Tuesday, February 14, 2012

Love Notes by Rebecca Forster


Love Notes: Hitting the Right Ones
by Rebecca Forster

It’s Valentine’s Day once again. Time to express our love, admiration and/or adoration with candy, flowers, and cards in colorful envelopes. It is cards in a colorful envelope that cause me to sweat. Over the course of thirty-five Valentine’s Days, I have penned every permutation of ‘I Love You’ that I can think of to my husband.  Sitting with the yearly card in front of me, wishing it was already in the envelope, I was stumped, so I started thinking about the words we choose as authors to express love between our characters.

To that end, I took my favorite passage from Hostile Witness and analyzed why I found it sexy, deep and real.  Every author is different, but here is here is how I believe I hit the right love notes between Josie and Archer in the Witness Series.

HOSTILE WITNESS
Introduction of character’s relationship

Josie got out of bed and searched for her clothes. She found her muscle shirt and panties but the sweats and sports bra were missing in action. (It would have been easier to say ‘naked’, but I liked that she was comfortable without her clothes. This passage felt sexy to me) She shimmied into what she had, glanced at the picture of Lexi, Archer’s dead wife, and then went looking for the man they shared. (This note creates an instant characterization of Archer as unafraid of commitment and Josie as a woman who honors his first love) She found him on the rooftop balcony, a perk of owning the building.
“Morning,” Josie walked up behind him and wound her arms around his waist. He was a big man; made her feel downright dainty. She loved the smell of his shirt. Starched and pressed by the man who wore it. (Archer is a guy who can fend for himself, something an independent woman would love.  Josie’s note about his size making her feel dainty, tells us that she is not a small woman and that she doesn’t mind feeling protected.)
“Don’t move,” he commanded.
Josie didn’t but only because she didn’t want to. (Josie chooses to do what her lover asks.) She held her breath, loving the feel of him when he was excited by what he saw through his lens. His gut tightened beneath her hands. A solitary muscle rippled. Quick like a snake. A click. He sighed with satisfaction and stood up slowly, surveying the beach once more before turning around to kiss Josie. (To me, a detail is very telling. Her notice of the one muscle rippling speaks to how familiar Josie is with her lover’s body.) She kissed him back just long enough for them both to be happy. (She cares about his needs). When she slipped out of his arms, he let her go. (He understands her.) No nonsense. No jealousy. No neediness.  Respect. Affection. Comfort. Chemistry. It was the kind of relationship people who could take care of themselves did well. (Deep love in a nutshell).

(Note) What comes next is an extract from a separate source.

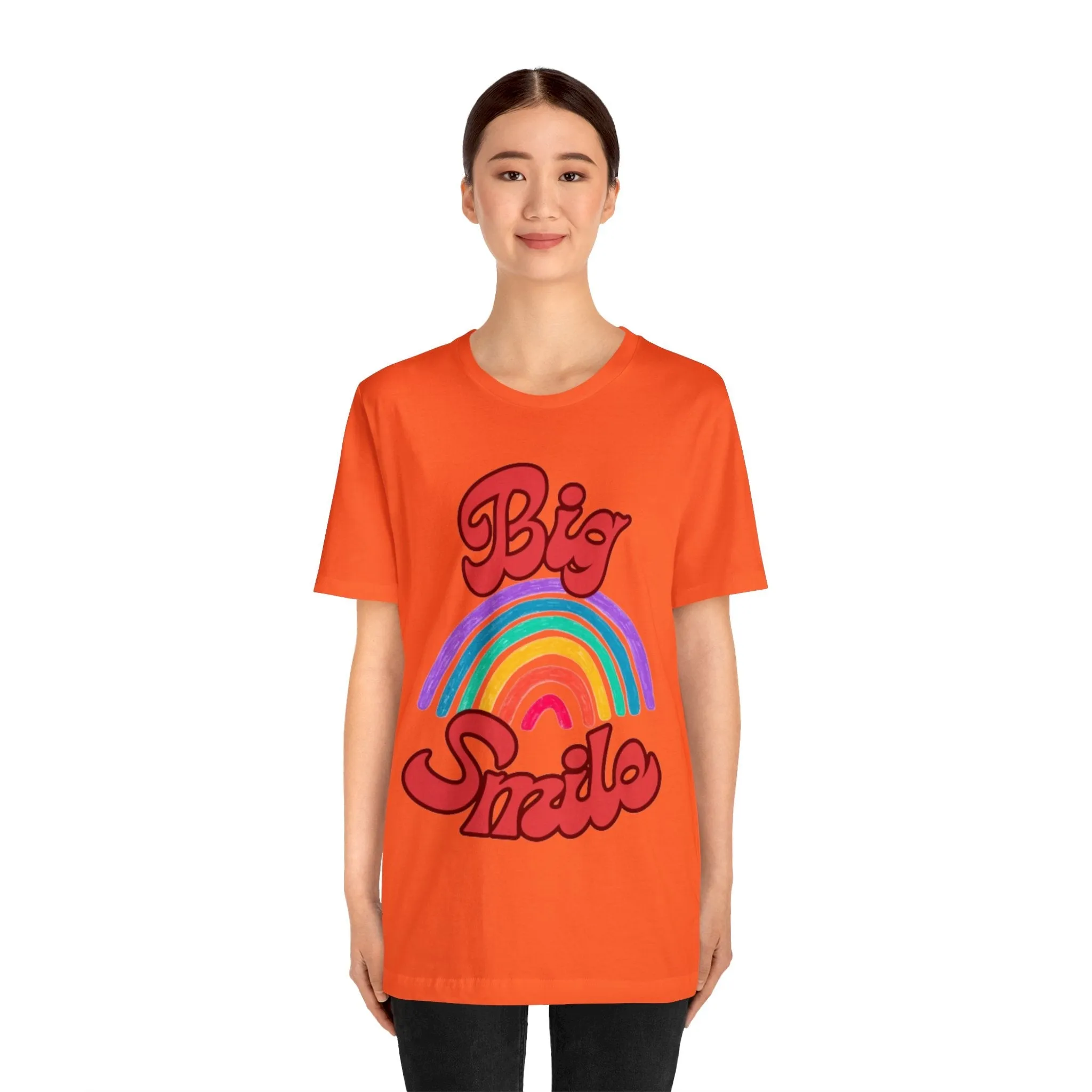 Big Smile Unisex Jersey Short Sleeve Tee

Writing love scenes is as challenging as writing sex scenes. Sometimes they are one and the same, sometimes they aren’t. The way to create successful, believable relationships between characters is to ‘show’ their reality and shade a your character’s lives with the extra notes that provide a background to the more prominent melody.

The end result of communicating a fabulous fictional relationship should look effortless even though a lot of hard work goes into composing it – just like love in real life.